PlayStation Portable Review
The original Lemmings was the most important game released in 1991. That makes Lemmings one of the first truly great games of the 90s. Hailed as an instant classic, the original (and arguably the best) has been ported to no less than thirty different systems, has seen six sequels, two spin-offs, and a novel. It has sold in excess of 5 million copies worldwide and was, for the longest of times, the jewel in the Amiga gaming crown. At least, before it was ported to every single system known to man.
And now, 15 years later, the original classic comes to the PSP. Not in the form of illegal homebrew emulation, but instead as a lavish-looking update of the original game - developed by Team 17, no less.

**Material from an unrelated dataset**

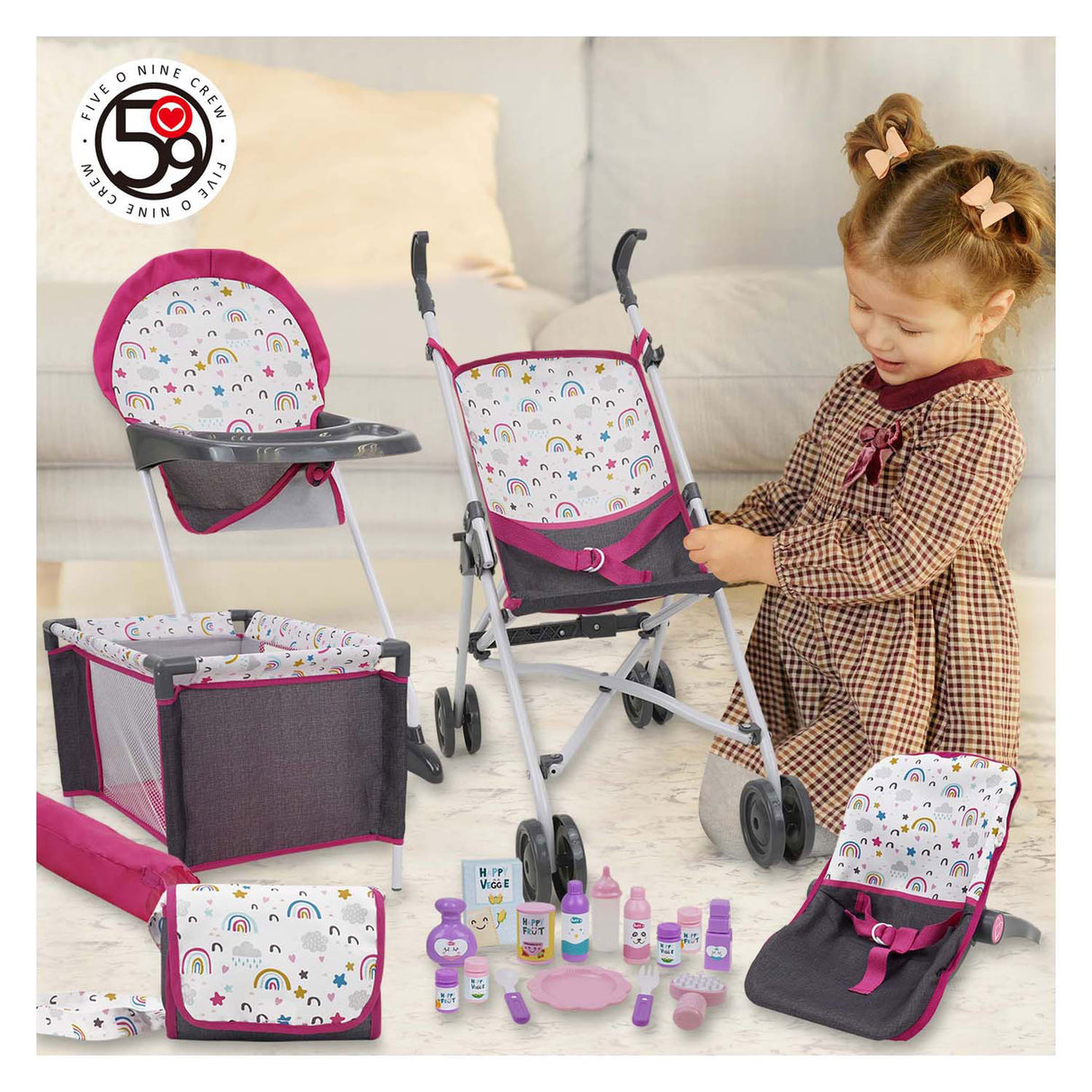 Komplettes Puppenspielset, 21-teilig.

But how does the original formula hold up on the PSP, and have our beloved Teamsters done the game justice...?
Every single level from the original Amiga version of Lemmings, including levels ommited from previous ports and adaptations, are included in this update, each one reimagined and prerendered in gorgeous 3D. The levels have a few asthetic differences in places (particularly the levels based on old Psygnosis games, which have had their unique music removed and their themes changed to better suit the rest of the game) but they still play essentially the same. What's more, Team 17 have seen fit to create 36 brand new levels. As with the original, the first few are fairly simple "use a particular skill to beat it" levels, however the remaining levels are far more complex. It's refreshing to have a new challenge akin to the classic Lemmings in so long - the last time we were treated to anything this good was when Lemmings 2 - The Tribes was released in 1993.

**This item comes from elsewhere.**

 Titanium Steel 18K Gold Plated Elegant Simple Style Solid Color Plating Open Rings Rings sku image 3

The best news so far, however, is that the game supports DataPacks (in a similar fashion to WipEout Pure's Track system), meaning that more new levels are, at the very least planned. I'm not going to dismiss the idea that Oh No! More Lemmings! may very well be a free DataPack rather than a fully fledged "sequel" of its own.
The Level Editor is, unfortunately, very disappointing. You are given some sppace to make a level, and some basic objects, and that's pretty much it. There's very little assistance to guide you (at least, not in the Review version) and there is no real scope to make levels on the magnitude of the originals. Those of you who were looking forward to the Editor will do best to avoid this particular feature.

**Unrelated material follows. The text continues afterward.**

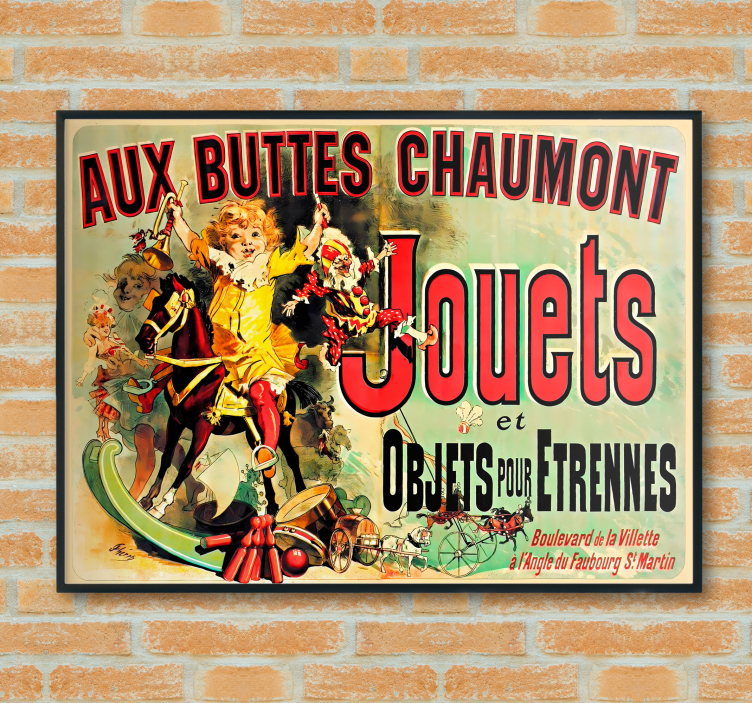 Poster vintage dos Buttes Chaumont brinquedos - TenStickers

The controls are fairly straight-forward. The D-Pad controls the cursor, the nub moves the map around, X selects, L and R shifts between Jobs, Circle speeds things up, holding down Square holds a cursor over the lemming you're currently highlighting (very handy, that), and Triangle zooms in and out. The only problems with these controls is that the D-Pad on the PSP is, unfortunately, not quite up to the task of controlling a cursor - diagonal movements are nigh-on impossible. However the cursor can still be used fairly precisely, particularly when used in conjunction with the Square button. Sadly, you can't swap the analogue and D-Pad functions over. You will be pleased to hear that issuing commands to Lemmings while paused is, thankfully, limited to only one at a time, and doesn't really have a serious impact on the gameplay.
The game looks stunning - this goes without saying- however I don't think Team 17 have quite captured the feel of the lemmings' animation that DMA Design did with the original. Team 17's lemmings are far more rigid at the joints, whereas DMA's originals... well, they flopped. They seemed to have more charm and character than Team 17's lemmings do. Despite this, the game still looks lushious, and definitely does the original justice.
All in all, this isn't a perfect update. There are things I wouldn't change (such as the presentation and some of that new music), and things I would either totally alter from scratch or simply throw out (specifically, the level editor).
7 out of 10
Edge gave it a 6, which I thought was rather harsh. It's not perfect, but it's good enough for me.